Punk group Pussy Riot due in court over pro-gay Putin protest

Human rights campaigners call for Russian female punk band members to be released after four months in detention

Punk group Pussy Riot due in court over pro-gay Putin protest
23 July 2012

Russian female punk band Pussy Riot are due to appear in court today (23 July) over an anti-Putin protest which spoke out for gay rights.

Maria Alekhina, Ekaterina Samutsevich and Nadezhda Tolokonnikova are accused of ‘hooliganism on the grounds of religious hatred’ after singing a protest song in Moscow’s main Orthodox church.

The performance of ‘Virgin Mary redeem us of Putin’ included a reference to the country’s persecuted LGBT community with the line ‘Gay pride sent to Siberia in chains’ and was staged on 21 February to rally against the president ahead of the country’s elections in March.

The trio have been in detention for four months now and face possible prison sentences of up to seven years. A court ruled on Friday (21 July) that the women must remain in pre-trial custody for six months.

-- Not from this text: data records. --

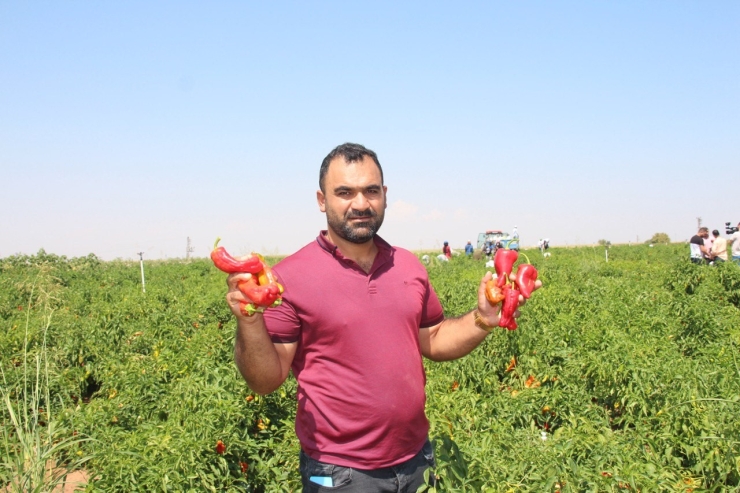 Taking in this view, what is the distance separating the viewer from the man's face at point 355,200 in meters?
2.34

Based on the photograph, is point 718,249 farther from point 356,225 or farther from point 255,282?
point 255,282

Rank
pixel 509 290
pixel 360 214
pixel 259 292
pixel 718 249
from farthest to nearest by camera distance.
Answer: pixel 718 249, pixel 509 290, pixel 360 214, pixel 259 292

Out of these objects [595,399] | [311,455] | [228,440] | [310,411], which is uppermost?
[310,411]

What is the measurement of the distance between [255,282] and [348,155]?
64 cm

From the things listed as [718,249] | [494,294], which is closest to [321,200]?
[494,294]

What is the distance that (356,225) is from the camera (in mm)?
2338

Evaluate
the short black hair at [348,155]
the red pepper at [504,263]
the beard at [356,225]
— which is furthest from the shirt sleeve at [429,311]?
the short black hair at [348,155]

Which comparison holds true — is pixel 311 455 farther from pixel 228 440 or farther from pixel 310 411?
pixel 228 440

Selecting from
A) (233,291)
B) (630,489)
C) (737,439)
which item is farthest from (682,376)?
(233,291)

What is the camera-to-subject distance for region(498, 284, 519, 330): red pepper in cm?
243

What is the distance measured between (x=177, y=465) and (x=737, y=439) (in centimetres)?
307

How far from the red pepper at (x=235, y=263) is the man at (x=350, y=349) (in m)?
0.17

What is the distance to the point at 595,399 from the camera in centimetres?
561

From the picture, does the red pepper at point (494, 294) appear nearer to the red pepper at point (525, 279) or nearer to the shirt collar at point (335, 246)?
the red pepper at point (525, 279) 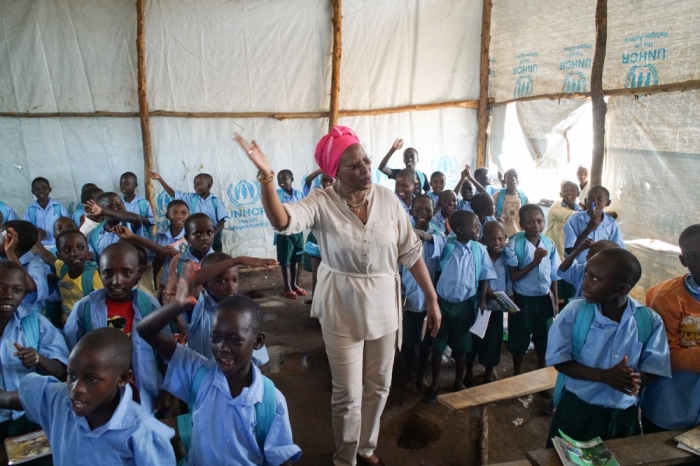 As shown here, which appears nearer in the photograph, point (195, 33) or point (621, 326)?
point (621, 326)

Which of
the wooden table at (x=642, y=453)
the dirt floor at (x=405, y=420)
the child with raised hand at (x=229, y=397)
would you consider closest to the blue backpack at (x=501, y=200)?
the dirt floor at (x=405, y=420)

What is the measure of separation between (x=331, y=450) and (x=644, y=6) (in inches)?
196

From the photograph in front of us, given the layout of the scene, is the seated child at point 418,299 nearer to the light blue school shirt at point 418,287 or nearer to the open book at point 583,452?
the light blue school shirt at point 418,287

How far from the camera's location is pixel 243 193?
6.64m

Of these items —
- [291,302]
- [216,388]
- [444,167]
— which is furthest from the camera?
[444,167]

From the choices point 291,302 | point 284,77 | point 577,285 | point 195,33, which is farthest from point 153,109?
point 577,285

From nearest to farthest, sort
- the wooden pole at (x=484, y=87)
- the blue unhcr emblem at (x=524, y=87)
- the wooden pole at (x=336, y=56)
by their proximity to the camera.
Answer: the blue unhcr emblem at (x=524, y=87), the wooden pole at (x=336, y=56), the wooden pole at (x=484, y=87)

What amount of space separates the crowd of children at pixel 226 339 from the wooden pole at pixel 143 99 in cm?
270

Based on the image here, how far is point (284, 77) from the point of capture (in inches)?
258

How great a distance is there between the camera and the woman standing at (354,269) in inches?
86.0

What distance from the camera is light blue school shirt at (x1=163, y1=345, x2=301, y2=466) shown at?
5.45 feet

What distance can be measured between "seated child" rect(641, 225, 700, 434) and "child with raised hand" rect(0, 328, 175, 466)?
6.86 ft

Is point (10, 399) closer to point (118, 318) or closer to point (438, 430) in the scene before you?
point (118, 318)

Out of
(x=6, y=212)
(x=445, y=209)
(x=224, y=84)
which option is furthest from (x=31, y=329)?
(x=224, y=84)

Human rights group Amnesty International are calling for the ‘immediate release’ of the women, insisting they are prisoners of conscience, detained solely for the peaceful expression of their beliefs.

Amnesty International Europe and Central Asia director, John Dalhuisen, said: ‘These three activists have now been behind bars for months, awaiting a trial that should not be taking place.

‘Even if the three arrested women did take part in the protest, the severity of the response of the Russian authorities and the detention on the serious criminal charge of hooliganism would not be a justifiable response to the peaceful, if, to many, offensive, expression of their political beliefs.

‘The Russian authorities must drop the charges of hooliganism and immediately and unconditionally release these three women.’

During the demonstration in Christ the Saviour Cathedral, several group members covered their faces with balaclavas.

The song called on Virgin Mary to become a feminist and banish Vladimir Putin. It also criticized the dedication and support shown to Putin by some representatives of the Russian Orthodox Church.

The Russian authorities subsequently arrested Maria Alekhina and Nadezhda Tolokonnikova on 4 March, and Ekaterina Samutsevich on 15 March, claiming they were the masked singers.

One of the women, Nadezhda Tolokonnikova, has admitted to being a member of the larger Pussy Riot group and taking part in the protest, while the other two deny any involvement in the cathedral protest.

‘Even if the action was calculated to shock and was known to be likely to cause offence, the activists left the Cathedral when requested to do so and caused no damage,’ Dalhuisen added.

‘The entire action lasted only a few minutes and caused only minimal disruption to those using the Cathedral for other, notably religious, purposes.

‘The broader political context surrounding the anti-Putin protests at the time, and the anticlerical, anti-Putin content of the activists’ message, have clearly and unlawfully been taken into account in the charges that have been brought against them.’

A video montage of the song available on the internet has led to a wide debate about the protest.

The press secretary of President-elect Vladimir Putin called the protest despicable and said it would be followed up ‘with all the necessary consequences’.

Although a representative of the Orthodox Church initially called for mercy for the protesters, subsequent statements by representatives of the church have called for harsh punishment and for the women to be prosecuted for inciting hatred on grounds of religion. The women’s relatives have reportedly also received anonymous death threats.

Amnesty has pointed out that the European Court of Human Rights has repeatedly held that freedom of expression applies not only to inoffensive ideas, ‘but also to those that offend, shock or disturb the State or any sector of the population’.

Pussy Riot was formed in 2011 and has conducted several performances in public places such as the Moscow underground, Red Square and on the roofs of buses.

In media interviews the group members have stated that they protest against, among other things, stifling of freedom of expression and assembly in Russia, the unfair political process and the fabrication of criminal cases against opposition activists.